== Input material ==

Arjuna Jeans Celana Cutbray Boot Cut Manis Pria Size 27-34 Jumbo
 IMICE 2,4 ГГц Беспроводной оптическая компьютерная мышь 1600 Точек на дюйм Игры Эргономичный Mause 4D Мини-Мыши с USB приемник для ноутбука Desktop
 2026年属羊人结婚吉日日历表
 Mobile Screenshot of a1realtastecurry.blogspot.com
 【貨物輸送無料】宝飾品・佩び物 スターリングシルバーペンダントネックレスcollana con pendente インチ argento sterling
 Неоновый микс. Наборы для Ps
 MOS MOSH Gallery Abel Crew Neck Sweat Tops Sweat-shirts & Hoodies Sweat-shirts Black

===

→ **Task brief**: Write out exactly the lines above from the line with "IMICE 2,4 ГГц" through the line with "Неоновый микс. Наборы для Ps", both of them included, and leave out all other lines.

→ **Solution to this exercise**:
 IMICE 2,4 ГГц Беспроводной оптическая компьютерная мышь 1600 Точек на дюйм Игры Эргономичный Mause 4D Мини-Мыши с USB приемник для ноутбука Desktop
 2026年属羊人结婚吉日日历表
 Mobile Screenshot of a1realtastecurry.blogspot.com
 【貨物輸送無料】宝飾品・佩び物 スターリングシルバーペンダントネックレスcollana con pendente インチ argento sterling
 Неоновый микс. Наборы для Ps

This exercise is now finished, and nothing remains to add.